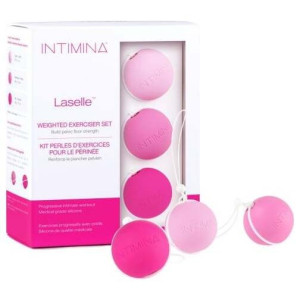 Intimina Rutina Ejercitador...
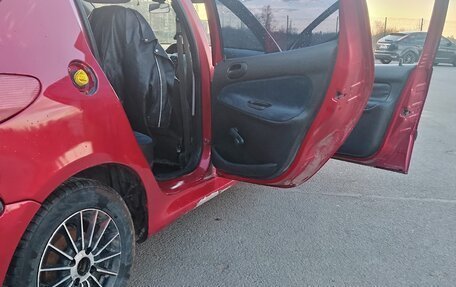 Peugeot 206, 2000 год, 195 000 рублей, 7 фотография
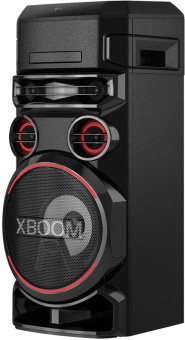 Минисистема LG ON88 черный 450Вт CD CDRW FM USB BT от магазина РЭССИ
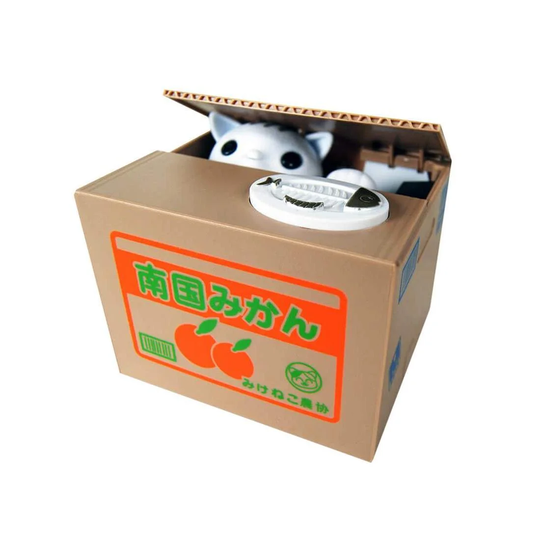Automatisk Sparegris - Kitty Bank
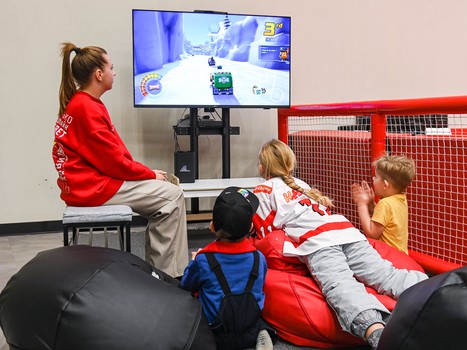 «Авангард» - «Витязь» 4:1. Вокруг матча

........

ACTIVITY
Give again, unchanged, only the lines from the line containing "Peugeot 206, 2000" to the last line of the records above. Pictures do not belong in the copy.

EXERCISE SOLUTION
 Peugeot 206, 2000 год, 195 000 рублей, 7 фотография
 Минисистема LG ON88 черный 450Вт CD CDRW FM USB BT от магазина РЭССИ
Automatisk Sparegris - Kitty Bank
 «Авангард» - «Витязь» 4:1. Вокруг матча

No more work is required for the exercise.